And the diodes will find their ways in to other projects, I'm sure. They just didn't happen to work great for this purpose. It is also possible they just had a bad connection, maybe. Those sockets are more or less useless after they've had components pulled out of them 3 or 4 times.


----------



## Cucurbitam0schata

peccary said:


> my daughter was here watching Sesame Stree


Just rock along with one of their classics for the next demo. "Put Down the Duckie" is a personal fave.
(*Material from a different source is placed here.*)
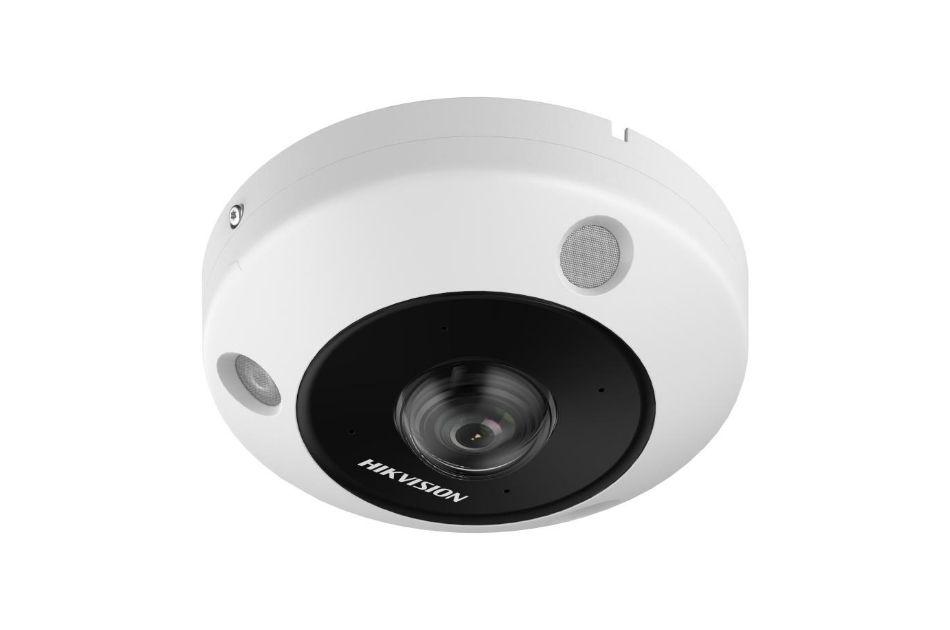 Cámara de Vigilancia IP 12MP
Words to live by!


----------



## peccary

I went through a couple of D9Vs today and settled on one with a Vf of .456. The 1N34As were a bit too choppy for me and were cutting off the sustain, especially in the Famous Fender Dead Spot (TM).

In the video above you can hear the gating happening quite a lot towards the end of the video, though it is happening throughout as well.
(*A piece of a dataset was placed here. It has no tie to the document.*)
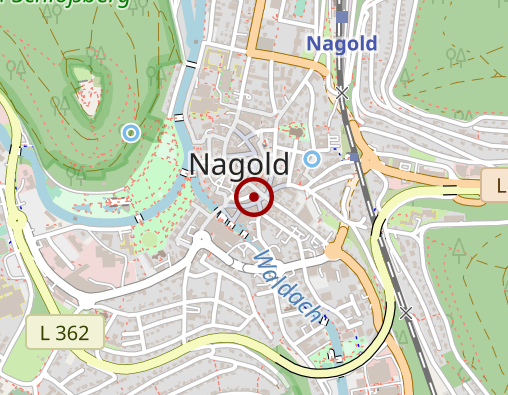 Karte: Fiebig Eva-Christine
This video below you can hear how the hard gating has backed way off and things flow through a bit more organically and there's no real note chopping happening, which I prefer on bass. 

Just for reference, both of these videos were taken with an 04 Fender P bass with Lindy Fralin pickups and TI Jazz Flats.
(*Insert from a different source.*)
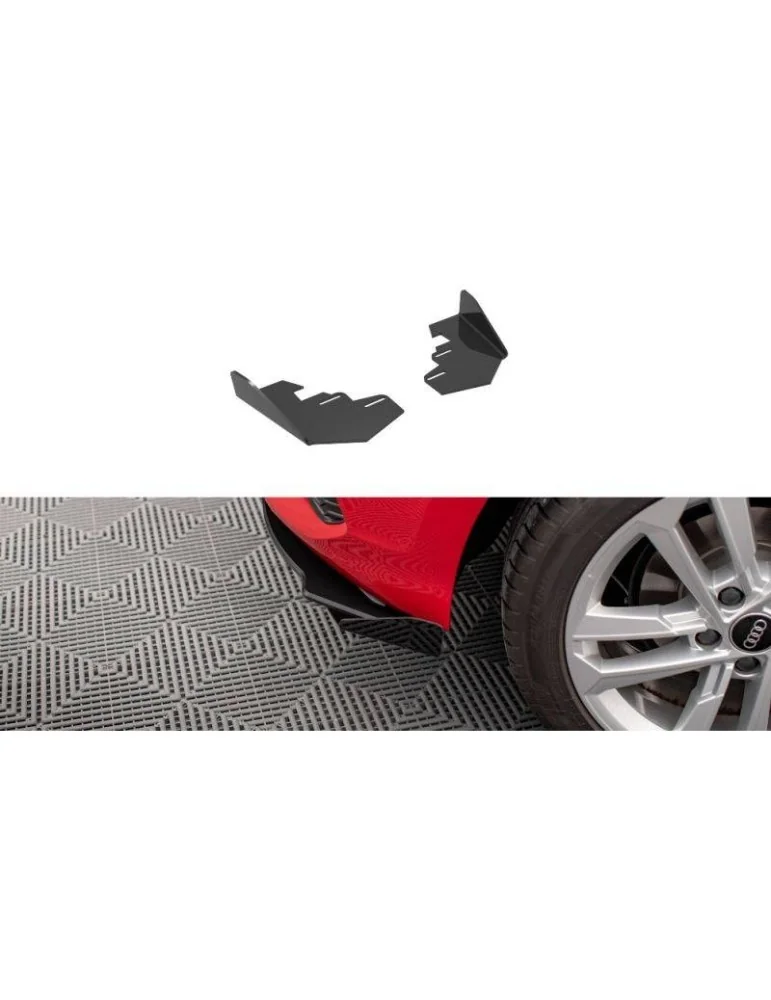 Volets latéraux Arrière AUDI A3 Sportback 8Y - Maxton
https://photos.app.goo.gl/CJYuXHqjRckLuybS8


----------



## Chuck D. Bones

With that diode, it's all about the leakage.  The circuit uses the diode's leakage to compensate for Q3's leakage.  Check Q3's collector voltage with each diode.  I don't have a magic number for collector voltage, but you know it when you hear it.


----------



## peccary

Chuck D. Bones said:


> With that diode, it's all about the leakage.  The circuit uses the diode's leakage to compensate for Q3's leakage.  Check Q3's collector voltage with each diode.  I don't have a magic number for collector voltage, but you know it when you hear it.


Thanks, Chuck, I'll check that out. It'll be good to know what I'm looking at and how to repeat it as well.


----------



## Coda

You know, I'm really getting tired of how important leakage is nowadays...


----------



## peccary

thewintersoldier said:


> It's the secret sauce! Lol we are the only people outside diaper companies and depends worried about leakage


If you're leaking secret sauce I'd recommend seeing the doctor.


----------



## Harry Klippton

peccary said:


> If you're leaking secret sauce I'd recommend seeing the doctor.


Just did, and got this nifty pillcam out of the deal!


----------



## Feral Feline

Take two pillcams and call me "In the Mourning".


----------



## Feral Feline

DUDE! Just saw the front of the pedal over on TB! YOU GOTSTA POST THE FRONT HERE! 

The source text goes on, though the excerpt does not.